# Task instructions:
The reply should hold only the lines below beginning at the one with "Copy Hermes Birkin" and ending at the one with "Philips โคมไฟฝังฝ้า3แสง รุ่น", copied exactly, with every picture left out.

Top of Data extracts

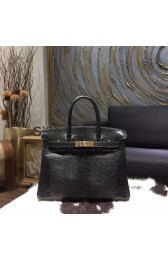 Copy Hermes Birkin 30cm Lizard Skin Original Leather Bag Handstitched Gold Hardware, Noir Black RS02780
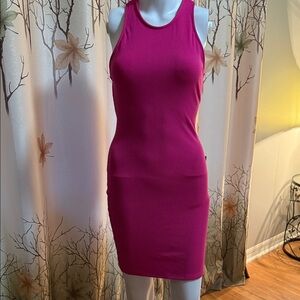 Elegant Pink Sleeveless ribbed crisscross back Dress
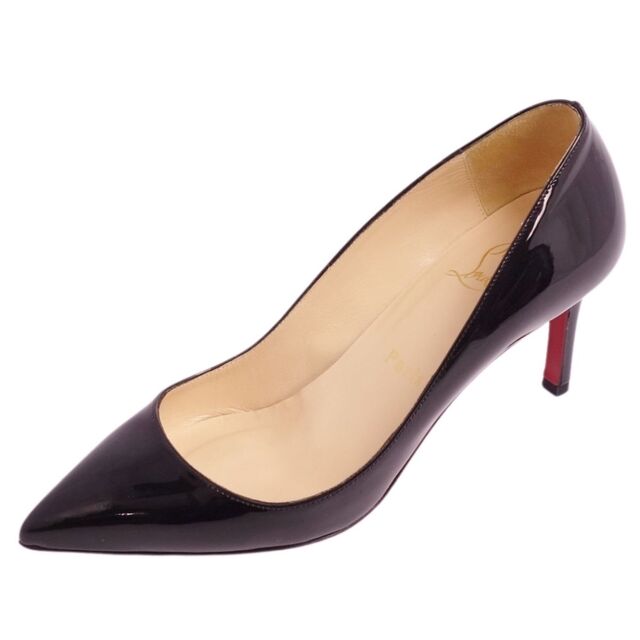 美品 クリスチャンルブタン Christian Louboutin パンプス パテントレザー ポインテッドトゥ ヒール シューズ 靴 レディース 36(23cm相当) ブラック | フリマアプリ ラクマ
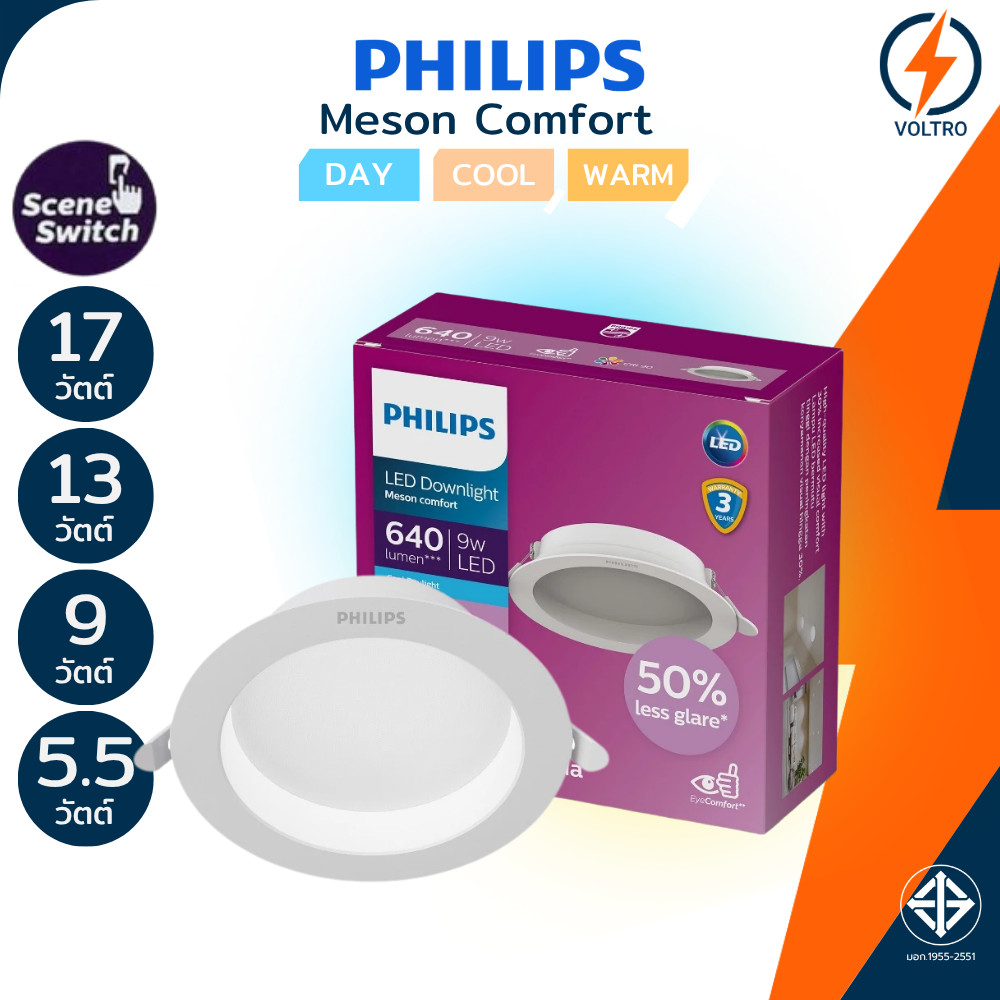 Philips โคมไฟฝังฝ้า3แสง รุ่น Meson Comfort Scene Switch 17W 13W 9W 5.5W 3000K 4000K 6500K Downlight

Bottom of Data extracts
Top of Data extracts

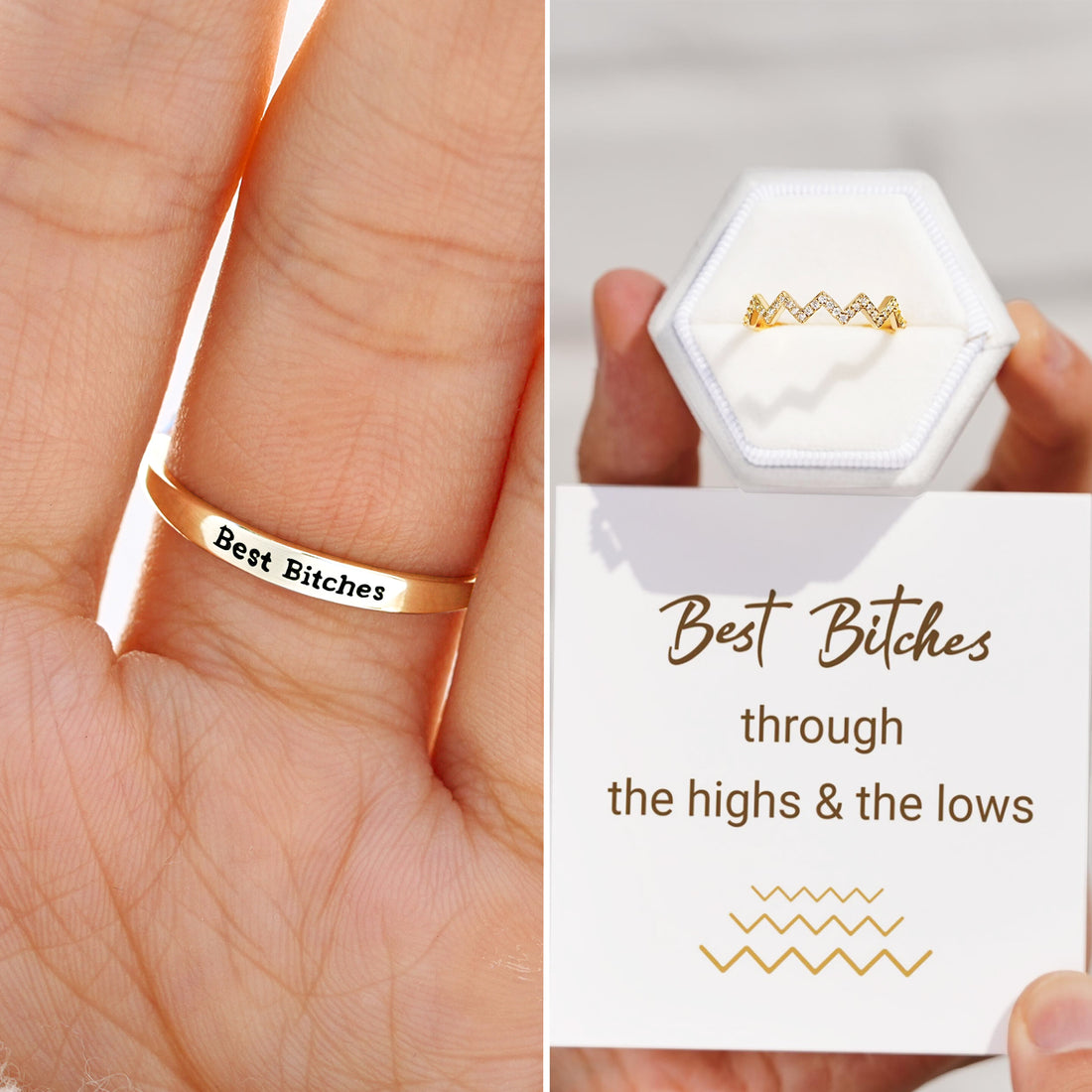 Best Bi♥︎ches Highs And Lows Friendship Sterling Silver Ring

Bottom of Data extracts
Top of Data extracts

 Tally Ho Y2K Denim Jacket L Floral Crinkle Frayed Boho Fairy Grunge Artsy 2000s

Bottom of Data extracts

# Expected answer:
 Copy Hermes Birkin 30cm Lizard Skin Original Leather Bag Handstitched Gold Hardware, Noir Black RS02780
 Elegant Pink Sleeveless ribbed crisscross back Dress
 美品 クリスチャンルブタン Christian Louboutin パンプス パテントレザー ポインテッドトゥ ヒール シューズ 靴 レディース 36(23cm相当) ブラック | フリマアプリ ラクマ
 Philips โคมไฟฝังฝ้า3แสง รุ่น Meson Comfort Scene Switch 17W 13W 9W 5.5W 3000K 4000K 6500K Downlight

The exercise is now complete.